• **PROVIDED DATA**:
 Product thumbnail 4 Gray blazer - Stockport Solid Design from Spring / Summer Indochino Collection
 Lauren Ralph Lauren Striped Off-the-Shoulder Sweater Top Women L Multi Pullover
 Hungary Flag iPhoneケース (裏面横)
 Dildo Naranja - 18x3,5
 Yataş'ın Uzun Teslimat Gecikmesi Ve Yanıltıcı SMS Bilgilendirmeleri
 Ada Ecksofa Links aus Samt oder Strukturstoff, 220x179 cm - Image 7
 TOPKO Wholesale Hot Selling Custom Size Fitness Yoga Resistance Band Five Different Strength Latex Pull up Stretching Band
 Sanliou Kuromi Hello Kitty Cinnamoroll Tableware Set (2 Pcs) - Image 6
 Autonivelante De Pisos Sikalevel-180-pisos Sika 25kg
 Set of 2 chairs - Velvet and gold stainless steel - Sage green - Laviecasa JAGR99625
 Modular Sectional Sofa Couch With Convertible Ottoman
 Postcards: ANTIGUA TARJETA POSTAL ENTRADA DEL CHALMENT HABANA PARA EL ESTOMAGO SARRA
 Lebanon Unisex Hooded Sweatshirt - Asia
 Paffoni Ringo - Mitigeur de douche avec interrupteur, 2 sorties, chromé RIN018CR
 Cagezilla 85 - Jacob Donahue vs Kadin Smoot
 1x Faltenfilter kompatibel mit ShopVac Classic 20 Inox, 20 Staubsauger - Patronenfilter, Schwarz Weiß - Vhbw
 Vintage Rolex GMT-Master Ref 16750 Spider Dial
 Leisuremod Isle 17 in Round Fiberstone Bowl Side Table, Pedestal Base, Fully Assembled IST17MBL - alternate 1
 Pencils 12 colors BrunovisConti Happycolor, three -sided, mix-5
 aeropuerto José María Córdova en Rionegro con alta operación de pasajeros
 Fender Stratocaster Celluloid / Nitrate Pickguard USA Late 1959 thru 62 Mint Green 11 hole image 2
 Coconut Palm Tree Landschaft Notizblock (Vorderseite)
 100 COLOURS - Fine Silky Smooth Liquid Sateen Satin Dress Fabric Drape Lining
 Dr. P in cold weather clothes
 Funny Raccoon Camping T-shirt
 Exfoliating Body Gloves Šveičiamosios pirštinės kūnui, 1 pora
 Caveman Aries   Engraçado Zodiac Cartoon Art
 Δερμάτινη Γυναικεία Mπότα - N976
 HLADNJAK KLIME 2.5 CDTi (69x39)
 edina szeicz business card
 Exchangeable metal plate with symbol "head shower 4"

• **TASK**:
Could you retype all of the entries exactly, leaving none out?

• **FINAL ANSWER**:
 Product thumbnail 4 Gray blazer - Stockport Solid Design from Spring / Summer Indochino Collection
 Lauren Ralph Lauren Striped Off-the-Shoulder Sweater Top Women L Multi Pullover
 Hungary Flag iPhoneケース (裏面横)
 Dildo Naranja - 18x3,5
 Yataş'ın Uzun Teslimat Gecikmesi Ve Yanıltıcı SMS Bilgilendirmeleri
 Ada Ecksofa Links aus Samt oder Strukturstoff, 220x179 cm - Image 7
 TOPKO Wholesale Hot Selling Custom Size Fitness Yoga Resistance Band Five Different Strength Latex Pull up Stretching Band
 Sanliou Kuromi Hello Kitty Cinnamoroll Tableware Set (2 Pcs) - Image 6
 Autonivelante De Pisos Sikalevel-180-pisos Sika 25kg
 Set of 2 chairs - Velvet and gold stainless steel - Sage green - Laviecasa JAGR99625
 Modular Sectional Sofa Couch With Convertible Ottoman
 Postcards: ANTIGUA TARJETA POSTAL ENTRADA DEL CHALMENT HABANA PARA EL ESTOMAGO SARRA
 Lebanon Unisex Hooded Sweatshirt - Asia
 Paffoni Ringo - Mitigeur de douche avec interrupteur, 2 sorties, chromé RIN018CR
 Cagezilla 85 - Jacob Donahue vs Kadin Smoot
 1x Faltenfilter kompatibel mit ShopVac Classic 20 Inox, 20 Staubsauger - Patronenfilter, Schwarz Weiß - Vhbw
 Vintage Rolex GMT-Master Ref 16750 Spider Dial
 Leisuremod Isle 17 in Round Fiberstone Bowl Side Table, Pedestal Base, Fully Assembled IST17MBL - alternate 1
 Pencils 12 colors BrunovisConti Happycolor, three -sided, mix-5
 aeropuerto José María Córdova en Rionegro con alta operación de pasajeros
 Fender Stratocaster Celluloid / Nitrate Pickguard USA Late 1959 thru 62 Mint Green 11 hole image 2
 Coconut Palm Tree Landschaft Notizblock (Vorderseite)
 100 COLOURS - Fine Silky Smooth Liquid Sateen Satin Dress Fabric Drape Lining
 Dr. P in cold weather clothes
 Funny Raccoon Camping T-shirt
 Exfoliating Body Gloves Šveičiamosios pirštinės kūnui, 1 pora
 Caveman Aries   Engraçado Zodiac Cartoon Art
 Δερμάτινη Γυναικεία Mπότα - N976
 HLADNJAK KLIME 2.5 CDTi (69x39)
 edina szeicz business card
 Exchangeable metal plate with symbol "head shower 4"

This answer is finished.